* [Exercise requirements]: Please return only the lines from the one showing "43 Campionat Ornitológic de Catalunya" to the end of the entries, keeping both ends and dropping every picture.

* [Extracted data]:
———

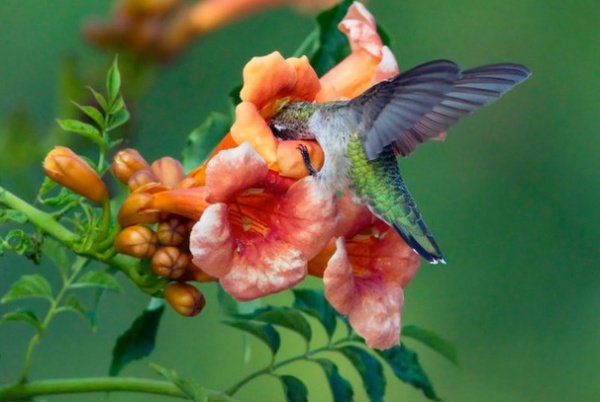 by YardMap: The Cornell Lab of Ornithology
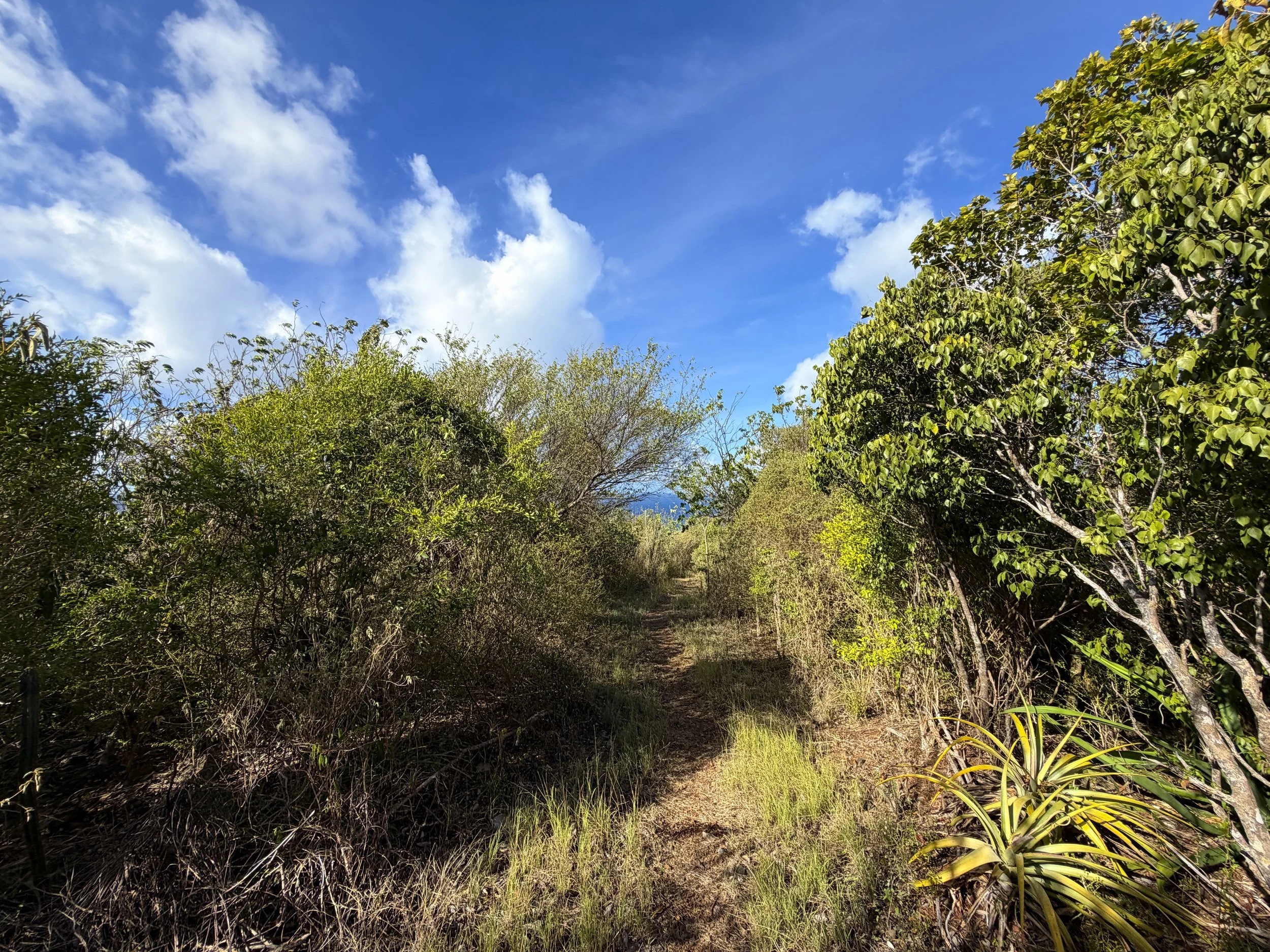 Tektite Hike Virgin Islands National Park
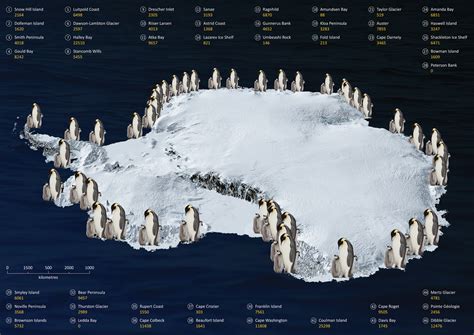 En Antarctique, un satellite compte un demi-million de manchots ...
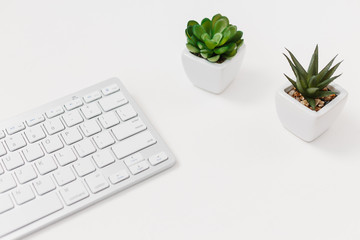 Computer keyboard and succulent flower isolated on white textured background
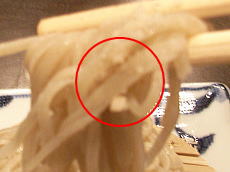 070730_10.jpg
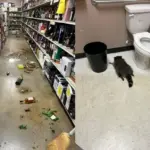 Rakun Mabuk Berat Setelah Bobol Toko Minuman Keras di Virginia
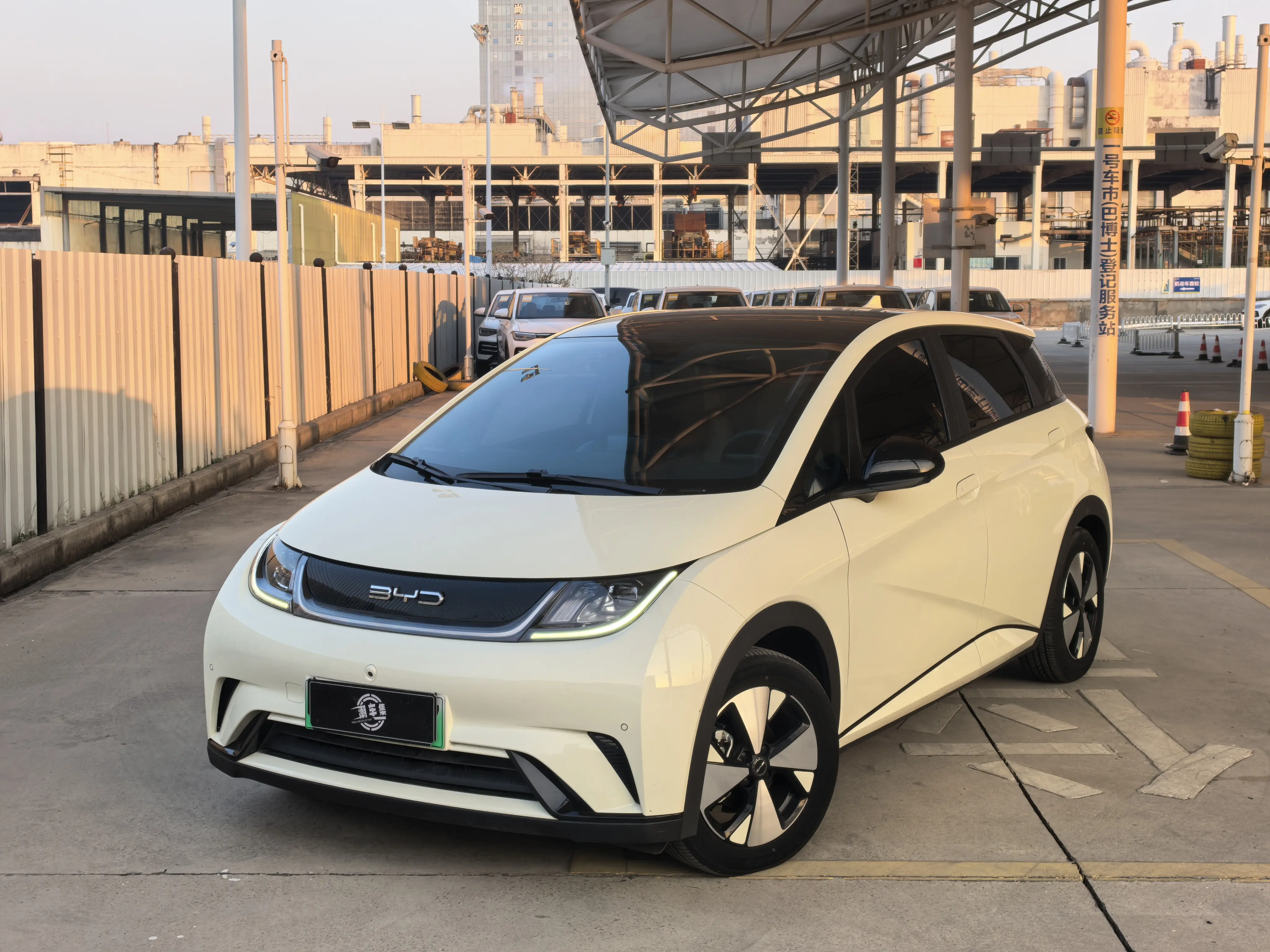 BYD Dolphin  из Китая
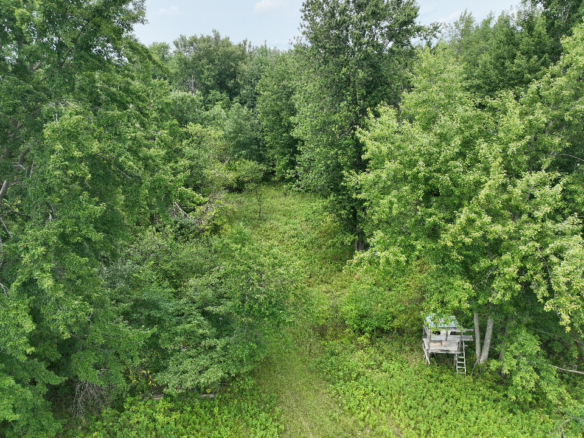 Iosco County – 40 Acres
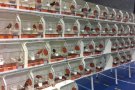 43 Campionat Ornitológic de Catalunya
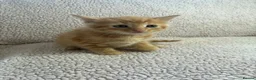 Mixed Breed cats for sale: Five Wonderful, Kichens, Very, Pretty Looking  - Advert 5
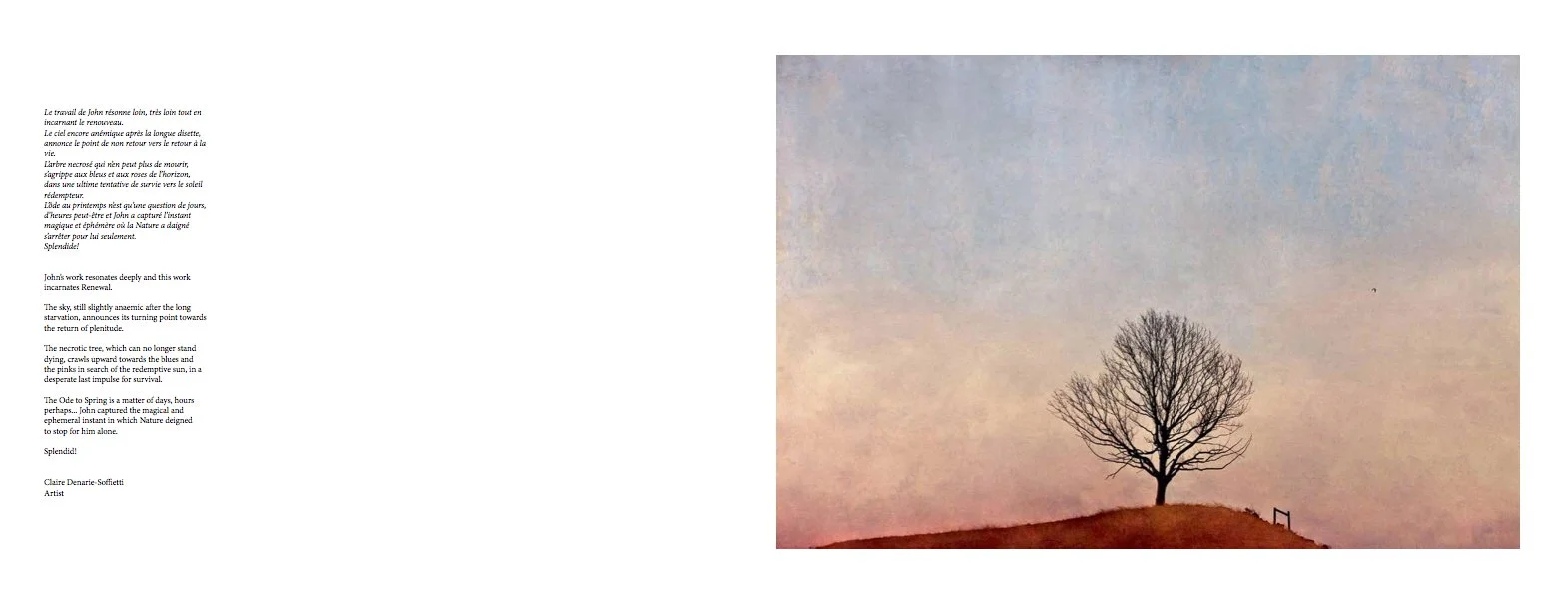 Selected Works - Prelude to Spring.jpg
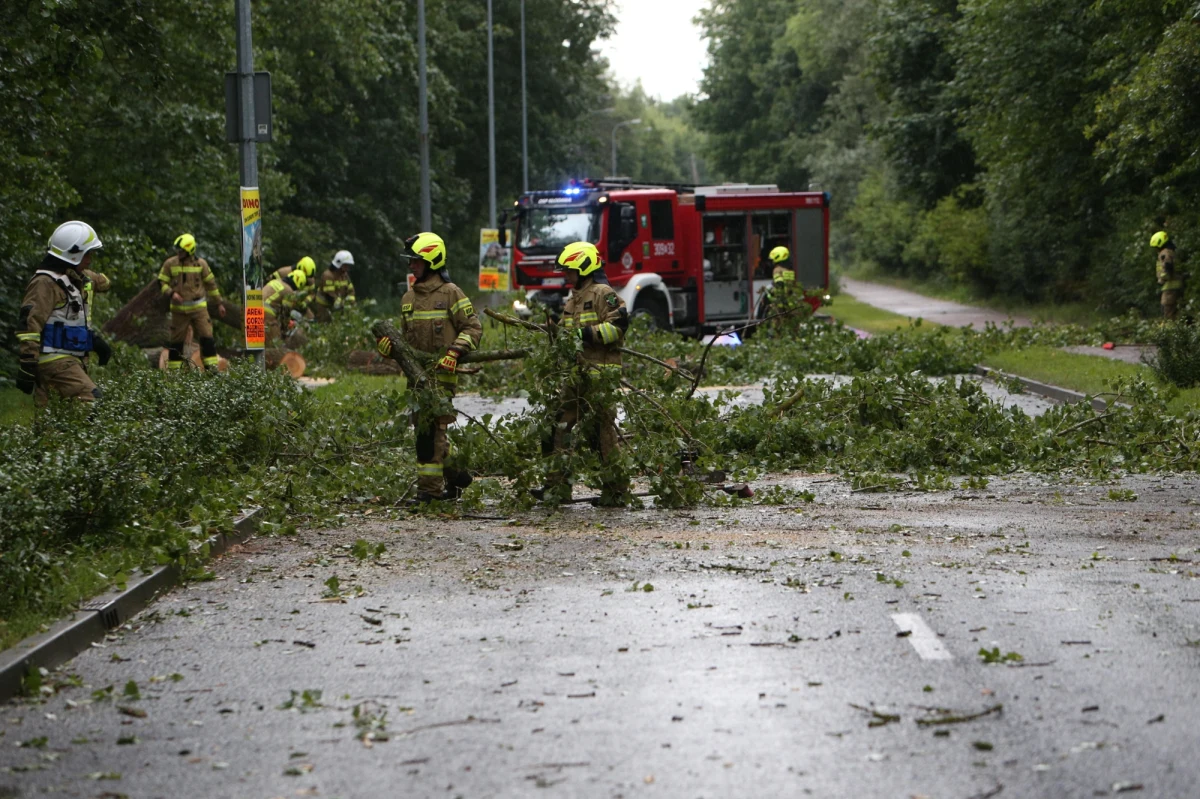 Prawie 250 razy interweniowali w sobotę strażacy w związku z burzami, które przechodziły przez Polskę. W niedzielę Instytut Meteorologii i Gospodarki Wodnej wydał alerty przed niebezpieczną pogodą dla kilku powiatów.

———

* [Output of the task]:
 43 Campionat Ornitológic de Catalunya
 Mixed Breed cats for sale: Five Wonderful, Kichens, Very, Pretty Looking  - Advert 5
 Selected Works - Prelude to Spring.jpg
 Prawie 250 razy interweniowali w sobotę strażacy w związku z burzami, które przechodziły przez Polskę. W niedzielę Instytut Meteorologii i Gospodarki Wodnej wydał alerty przed niebezpieczną pogodą dla kilku powiatów.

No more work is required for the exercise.